[plt-scheme] Empathy for our students [Was: Re: Why "lambda"?]

From: Gary Baumgartner (gfb at cs.toronto.edu)
Date: Sat May 30 22:32:36 EDT 2009

> On Sat, May 30, 2009 at 4:48 PM, wooks <wookiz at hotmail.com> wrote:
> > On May 30, 7:54 pm, Shriram Krishnamurthi <s... at cs.brown.edu> wrote:
> >> > As for Cohen, I am willing to forgive him everything because he
> >> > clearly empathises with the student he is writing for.
> >>
> >> So do many people who write in Greek (which apparently includes Cohen).
> >>
> >
> > Thats for the student to judge. I have no doubt that the people who do
> > it think they do.
> 
> No, you're only in a position to judge whether an author *appears* to
> empathize.
> 
> Furthermore, every educator on this list has had the experience of
> students who returned years later and said, "You made me do X several
> years ago, and I disliked/hated/didn't understand the point to it, but
> now I do, so thank you".  Sticking with such X's is also a kind of
> empathy, but one that a student is literally unable to judge in the
> short term.
[...]

Agreed.

I, and the committee for my "tenure", heard this from many former students
 (moreover, though not necessary for this argument, I and presumably many
 instructors on this list have teaching awards from student nominations
 and surveys during or just after a course).

One instructor I know is quite popular (and/but a very good instructor), but
 leans too much to an "empathy" side for my taste in discussions of followup
 courses to his/hers. He/she recently taught such a followup course, becoming
 a client of his/her earlier courses, and is now "pushing" and "scaring" the
 students in the earlier courses more explicitly about their preparation.
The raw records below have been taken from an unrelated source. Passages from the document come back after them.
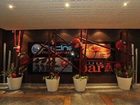 фото отеля Hotel Alteora Privilege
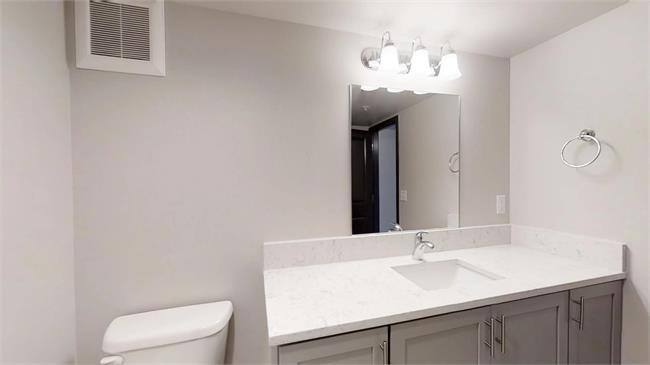 Apartment for rent at 464 Main St, Boulder, CO 80301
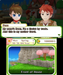 Harvest Moon: Skytree Village (Nintendo 3DS) – screenshot 4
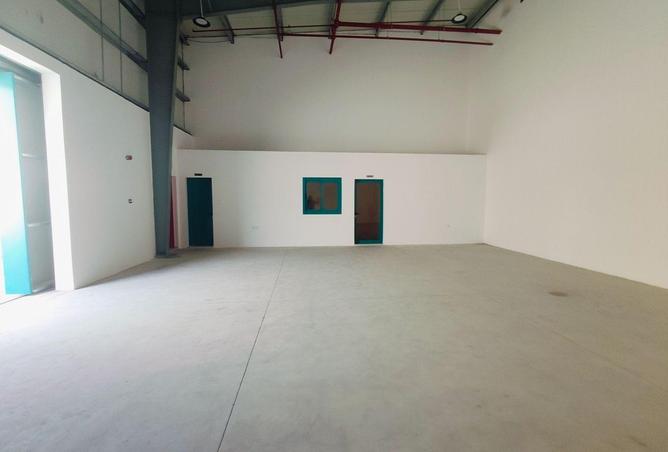 16316647 - Property Main Image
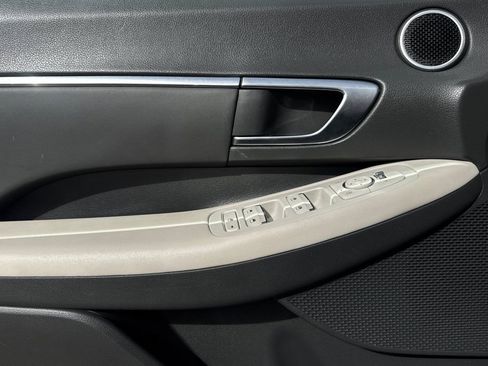 Used 2023 Hyundai Sonata SEL image 11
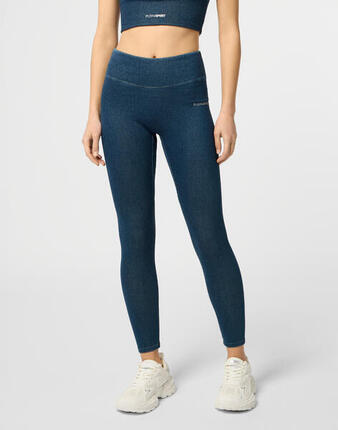 Jogging-Leggings PS Women
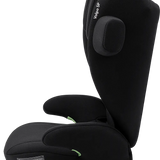 Osann_Volpo-SP_i-Size_Black_7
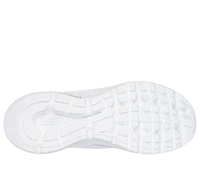 Skechers Slip-ins: GO RUN Consistent 2.0 - Endure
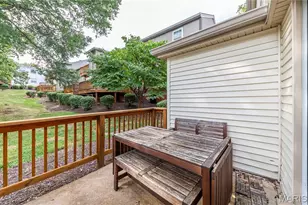 1447 Bobolink Pl, Brentwood, MO 63144 - Photo 22
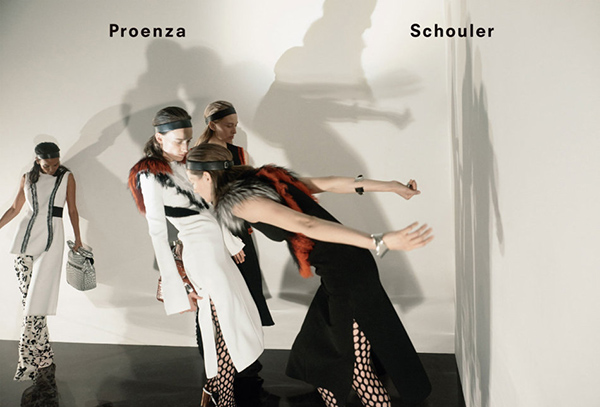 proenza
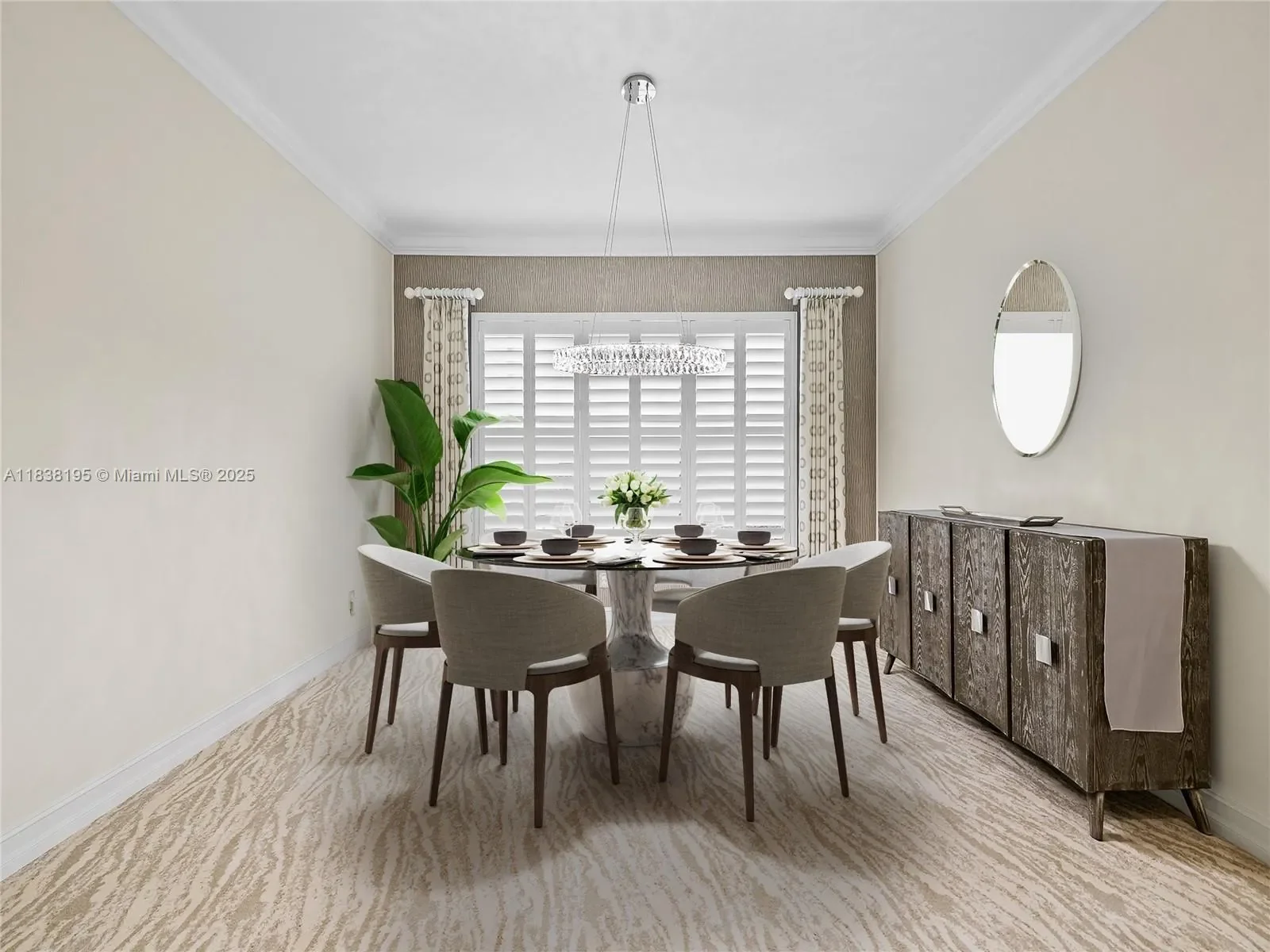 Gallery photo 5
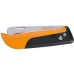 FISKARS X-series K80 Sklízecí nůž skládací, 18cm 1062819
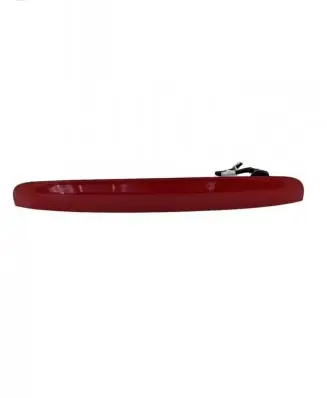Nissan Note (E11) Number plate light 240519u01a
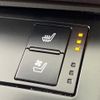 lexus is 2014 CFJ1576962 image 6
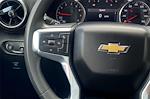 2023 Chevrolet Blazer FWD SUV for sale #FX2225 - photo 17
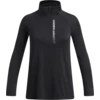 Under Armour Mikica UA Tech™ Branded Half-Zip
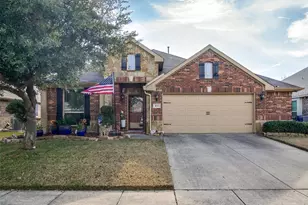 1036 Glenn Rd, Lavon, TX 75166 - Photo 1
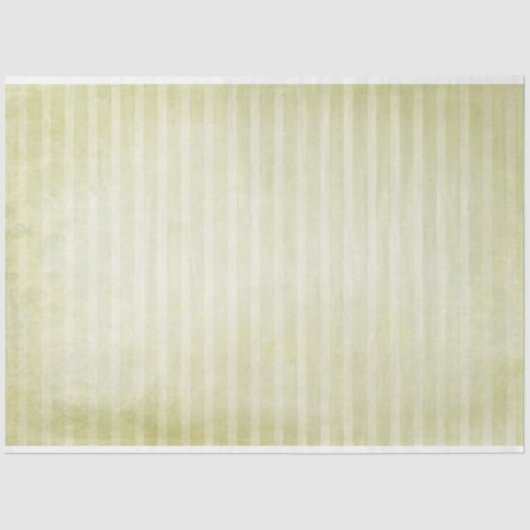 Papier Mousseline Conception des séries de tournesol et de libellule (Recto)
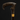 Handmade Burl Maple Walking Cane - Elegant Exotic Wood Stick for Modern Style - Tiegent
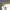 https://res.cloudinary.com/billionhands/image/upload/v1771330436/items/ew8wqbs3vha3g0vhntjs.webp-1cover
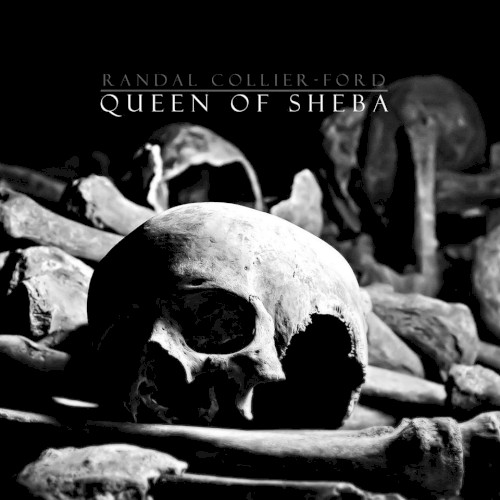 Queen of Sheba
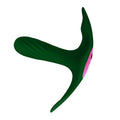 Fu'Cha Exotics Products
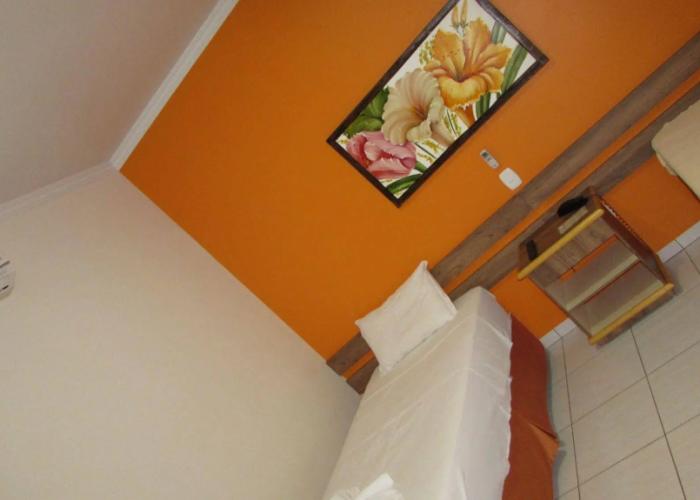 Hotel Pousada Real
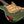 Shabat Lynx - Sherwood Green over Sunburst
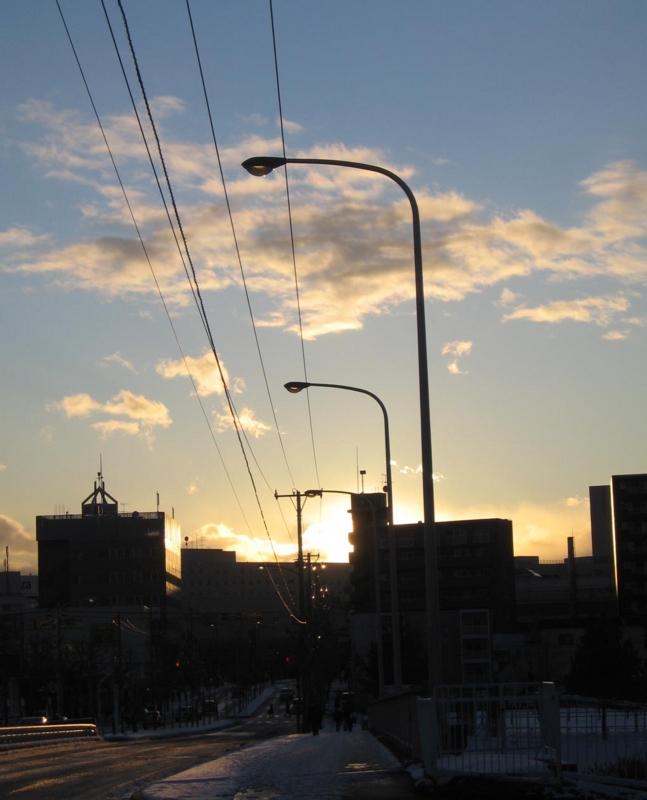 f:id:atarou:20111202065350j:image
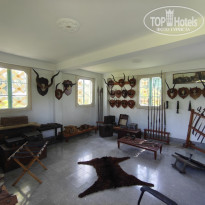 фото из отзыва ID 2736256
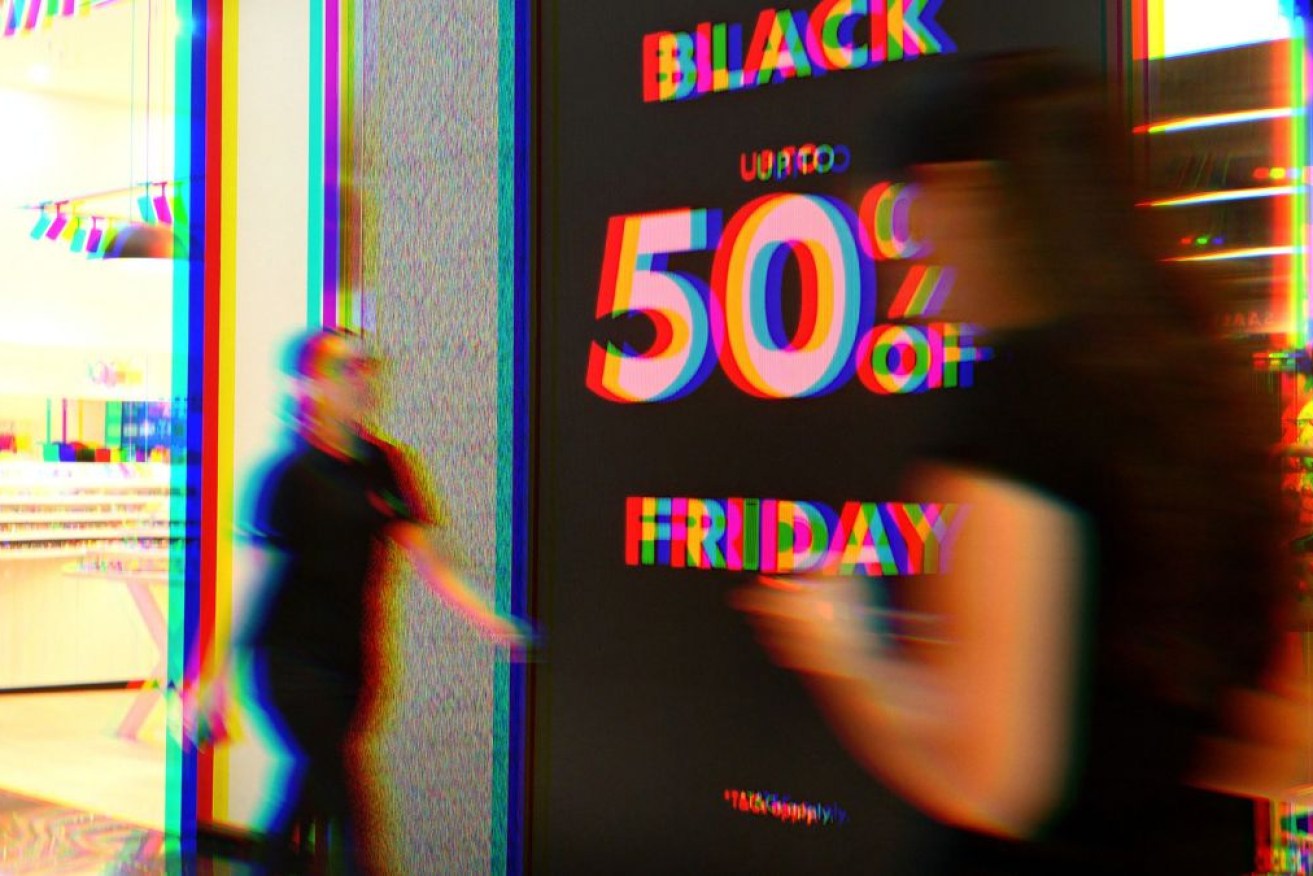 The consumer watchdog says some retailers are increasingly relying on manipulation.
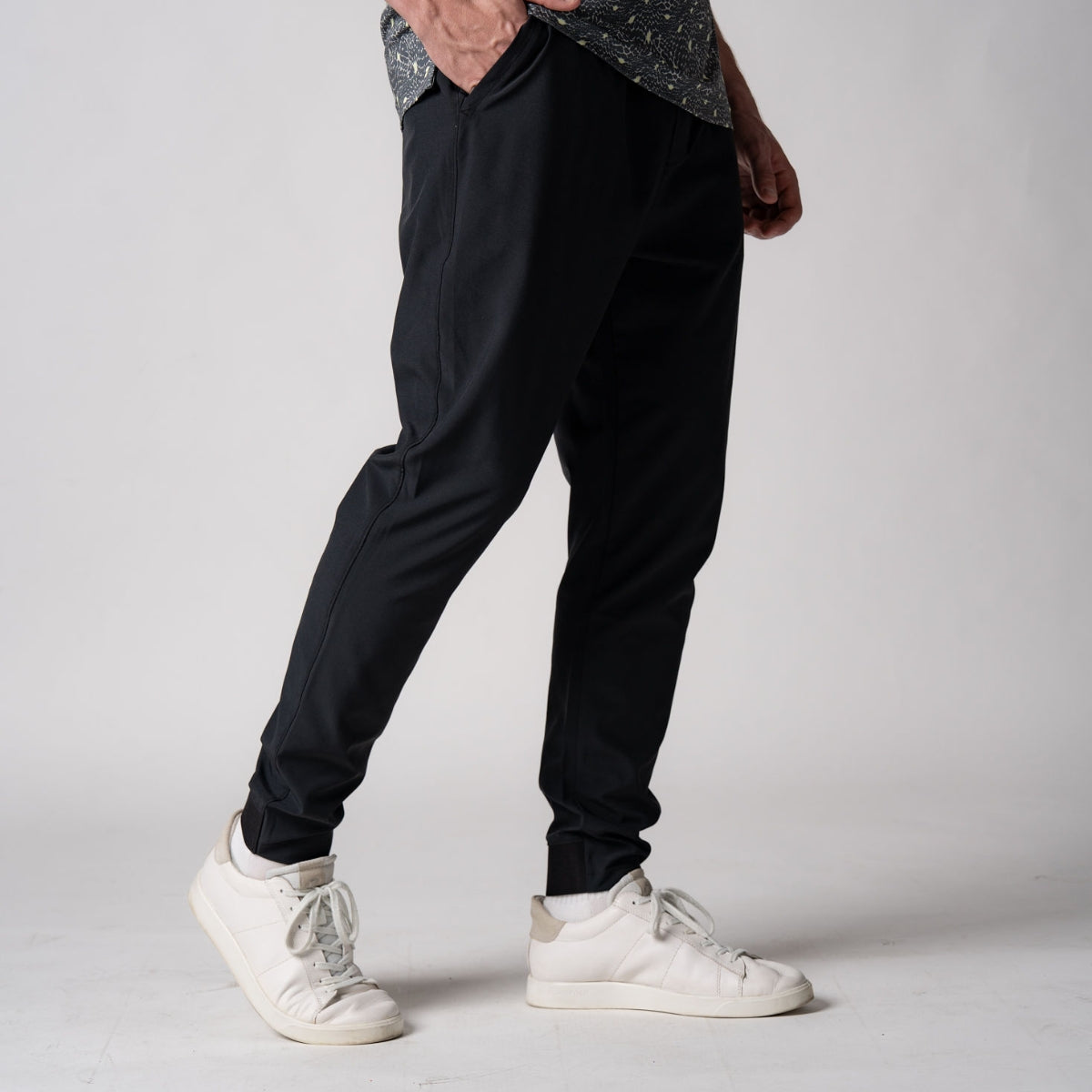 Calça JOOLA Club Joggers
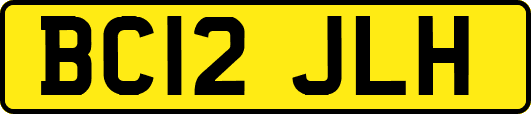 BC12JLH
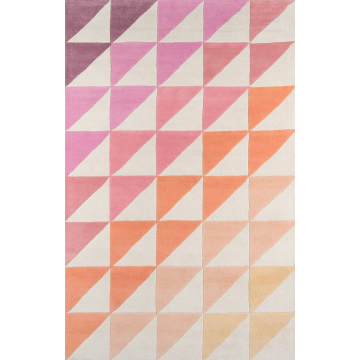Novogratz Delmar DEL-6 Area Rug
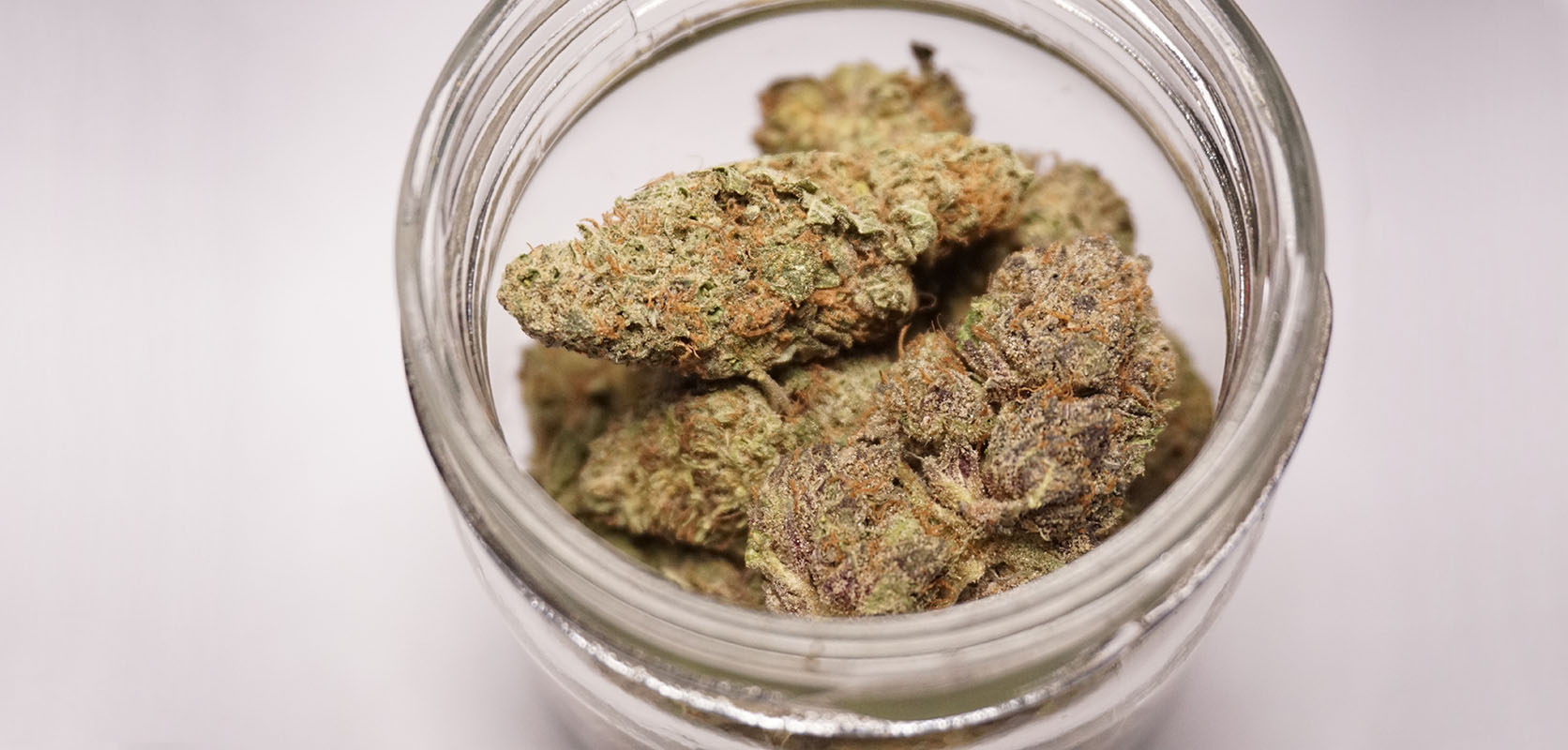 Budget buds large weed buds in a glass jar. buy online weeds cannabis canada. buy weed vapes canada.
It's also a bit of a personal point with me, because my mother had a naive notion
 of "empathy": feel intense "love", say "positive" things, but live in denial
 that unpopular and painful (in the short term) choices might need making.
 It had disastrous consequences: she delayed divorcing my father, which would
 actually have been popular with us children immediately though not perhaps
 with some of her friends or family. My father emotionally abused us children
 (unwittingly, since only now do he and I know he has Asperger's), but not her
 (she easily and immediately divorced him when us children left home). This
 "empathy" allowed a broken family to continue, and then my brother not getting
 the help he needed later (though my mother tried "laying of hands", or whatever
 the spiritual church calls it) and so he died on the streets.

I hope that wasn't too off-topic/personal for the list (though I just noticed
 it ties into another poster mentioning "tough love").